__What you have to do__
All lines in the data that hold the word "mass" need copying.

Items from a data source:
■ ■ ■
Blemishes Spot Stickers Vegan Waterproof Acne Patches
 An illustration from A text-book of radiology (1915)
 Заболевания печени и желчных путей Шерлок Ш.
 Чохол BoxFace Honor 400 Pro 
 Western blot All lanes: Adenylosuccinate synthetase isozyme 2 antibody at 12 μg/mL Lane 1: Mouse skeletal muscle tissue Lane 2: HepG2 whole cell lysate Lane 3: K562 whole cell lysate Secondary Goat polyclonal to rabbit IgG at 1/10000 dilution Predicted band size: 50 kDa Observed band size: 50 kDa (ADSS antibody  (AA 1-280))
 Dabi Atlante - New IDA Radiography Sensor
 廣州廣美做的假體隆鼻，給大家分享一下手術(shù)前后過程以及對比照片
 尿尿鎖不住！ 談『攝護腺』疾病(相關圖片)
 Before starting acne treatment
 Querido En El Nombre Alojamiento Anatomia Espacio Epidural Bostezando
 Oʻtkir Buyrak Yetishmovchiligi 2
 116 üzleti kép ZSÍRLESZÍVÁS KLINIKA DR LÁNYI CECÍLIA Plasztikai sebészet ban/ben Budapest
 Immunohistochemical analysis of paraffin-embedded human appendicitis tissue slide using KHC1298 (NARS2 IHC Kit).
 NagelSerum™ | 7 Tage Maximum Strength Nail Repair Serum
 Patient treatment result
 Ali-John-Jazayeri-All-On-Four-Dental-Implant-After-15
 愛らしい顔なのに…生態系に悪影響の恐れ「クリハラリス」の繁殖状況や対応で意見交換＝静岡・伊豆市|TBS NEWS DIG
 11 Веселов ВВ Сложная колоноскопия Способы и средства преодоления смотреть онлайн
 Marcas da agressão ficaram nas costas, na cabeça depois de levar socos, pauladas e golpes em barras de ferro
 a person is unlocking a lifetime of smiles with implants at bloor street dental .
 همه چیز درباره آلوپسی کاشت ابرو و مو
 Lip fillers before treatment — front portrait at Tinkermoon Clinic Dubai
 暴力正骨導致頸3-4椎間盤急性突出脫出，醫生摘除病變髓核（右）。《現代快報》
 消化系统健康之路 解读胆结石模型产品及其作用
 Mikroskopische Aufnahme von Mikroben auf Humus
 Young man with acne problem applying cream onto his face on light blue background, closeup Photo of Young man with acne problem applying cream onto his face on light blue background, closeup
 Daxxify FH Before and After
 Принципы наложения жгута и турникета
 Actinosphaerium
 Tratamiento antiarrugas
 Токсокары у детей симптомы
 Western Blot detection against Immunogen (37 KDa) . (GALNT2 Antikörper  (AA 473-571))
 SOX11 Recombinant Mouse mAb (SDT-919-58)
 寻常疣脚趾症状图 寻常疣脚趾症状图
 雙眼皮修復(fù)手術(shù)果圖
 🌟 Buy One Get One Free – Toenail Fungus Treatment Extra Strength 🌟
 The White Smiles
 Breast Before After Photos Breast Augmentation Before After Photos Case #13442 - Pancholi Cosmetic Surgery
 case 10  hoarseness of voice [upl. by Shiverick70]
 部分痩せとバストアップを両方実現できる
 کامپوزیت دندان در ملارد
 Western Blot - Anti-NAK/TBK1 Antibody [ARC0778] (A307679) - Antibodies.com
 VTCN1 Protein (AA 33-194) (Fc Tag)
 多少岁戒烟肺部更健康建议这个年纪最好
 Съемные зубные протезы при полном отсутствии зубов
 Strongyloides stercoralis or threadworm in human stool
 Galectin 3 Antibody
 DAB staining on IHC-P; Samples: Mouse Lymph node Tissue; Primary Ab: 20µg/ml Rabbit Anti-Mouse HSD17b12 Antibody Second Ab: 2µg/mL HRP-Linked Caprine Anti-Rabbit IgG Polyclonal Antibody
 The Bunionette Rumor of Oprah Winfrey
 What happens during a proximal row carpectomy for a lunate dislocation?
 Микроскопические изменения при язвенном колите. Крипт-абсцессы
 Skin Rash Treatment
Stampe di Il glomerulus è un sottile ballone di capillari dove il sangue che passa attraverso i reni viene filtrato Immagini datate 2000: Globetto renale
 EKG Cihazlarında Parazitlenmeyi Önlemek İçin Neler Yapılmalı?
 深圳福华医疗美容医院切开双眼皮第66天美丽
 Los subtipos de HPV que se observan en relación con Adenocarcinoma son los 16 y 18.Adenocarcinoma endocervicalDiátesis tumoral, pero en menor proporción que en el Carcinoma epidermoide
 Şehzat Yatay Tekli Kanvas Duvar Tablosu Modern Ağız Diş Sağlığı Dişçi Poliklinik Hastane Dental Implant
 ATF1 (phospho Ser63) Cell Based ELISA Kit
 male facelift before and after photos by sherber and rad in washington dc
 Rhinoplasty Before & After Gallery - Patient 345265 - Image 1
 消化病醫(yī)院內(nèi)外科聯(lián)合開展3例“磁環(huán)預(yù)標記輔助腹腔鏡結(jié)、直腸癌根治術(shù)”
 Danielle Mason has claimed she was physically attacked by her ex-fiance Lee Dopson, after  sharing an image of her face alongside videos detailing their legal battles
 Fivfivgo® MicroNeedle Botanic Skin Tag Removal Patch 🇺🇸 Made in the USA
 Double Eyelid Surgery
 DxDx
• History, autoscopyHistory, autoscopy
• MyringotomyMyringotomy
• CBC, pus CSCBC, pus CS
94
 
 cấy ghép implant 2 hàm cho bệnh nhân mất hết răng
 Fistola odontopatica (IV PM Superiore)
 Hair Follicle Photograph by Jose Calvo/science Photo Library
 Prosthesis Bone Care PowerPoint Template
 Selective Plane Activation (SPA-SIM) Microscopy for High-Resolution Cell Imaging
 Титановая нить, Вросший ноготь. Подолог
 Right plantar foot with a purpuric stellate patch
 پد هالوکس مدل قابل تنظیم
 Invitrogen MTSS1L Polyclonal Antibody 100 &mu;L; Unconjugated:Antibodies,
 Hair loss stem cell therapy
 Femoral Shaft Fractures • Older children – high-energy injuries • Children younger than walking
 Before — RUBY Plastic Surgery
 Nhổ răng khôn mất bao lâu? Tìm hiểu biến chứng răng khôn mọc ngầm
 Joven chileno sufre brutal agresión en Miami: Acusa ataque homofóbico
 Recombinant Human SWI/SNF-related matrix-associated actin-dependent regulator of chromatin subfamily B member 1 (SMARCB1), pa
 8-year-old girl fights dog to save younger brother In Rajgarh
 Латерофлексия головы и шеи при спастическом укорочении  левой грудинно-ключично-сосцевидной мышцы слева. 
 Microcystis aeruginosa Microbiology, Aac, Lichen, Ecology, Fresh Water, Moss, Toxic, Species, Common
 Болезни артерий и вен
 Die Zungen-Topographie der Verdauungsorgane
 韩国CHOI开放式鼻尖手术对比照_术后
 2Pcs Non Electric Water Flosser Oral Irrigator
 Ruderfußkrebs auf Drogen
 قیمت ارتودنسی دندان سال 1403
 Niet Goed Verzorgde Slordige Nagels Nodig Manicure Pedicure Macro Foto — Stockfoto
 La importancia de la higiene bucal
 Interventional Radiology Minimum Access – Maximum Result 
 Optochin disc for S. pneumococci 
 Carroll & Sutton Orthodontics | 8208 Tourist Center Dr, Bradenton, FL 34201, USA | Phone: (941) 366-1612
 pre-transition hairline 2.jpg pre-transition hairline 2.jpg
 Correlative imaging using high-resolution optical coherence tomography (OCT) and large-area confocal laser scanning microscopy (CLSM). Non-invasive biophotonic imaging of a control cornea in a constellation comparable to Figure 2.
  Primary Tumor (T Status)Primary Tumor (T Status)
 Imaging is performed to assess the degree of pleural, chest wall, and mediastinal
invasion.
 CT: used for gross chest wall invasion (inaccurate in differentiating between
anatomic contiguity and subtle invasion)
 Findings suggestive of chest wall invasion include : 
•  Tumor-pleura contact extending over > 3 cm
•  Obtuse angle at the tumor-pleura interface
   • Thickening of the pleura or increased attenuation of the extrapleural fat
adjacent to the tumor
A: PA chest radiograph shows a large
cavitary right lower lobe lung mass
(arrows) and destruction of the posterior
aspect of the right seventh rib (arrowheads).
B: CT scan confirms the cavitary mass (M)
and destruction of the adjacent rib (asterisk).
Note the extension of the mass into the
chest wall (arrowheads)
■ ■ ■
__The completed task__
cavitary right lower lobe lung mass
B: CT scan confirms the cavitary mass (M)
Note the extension of the mass into the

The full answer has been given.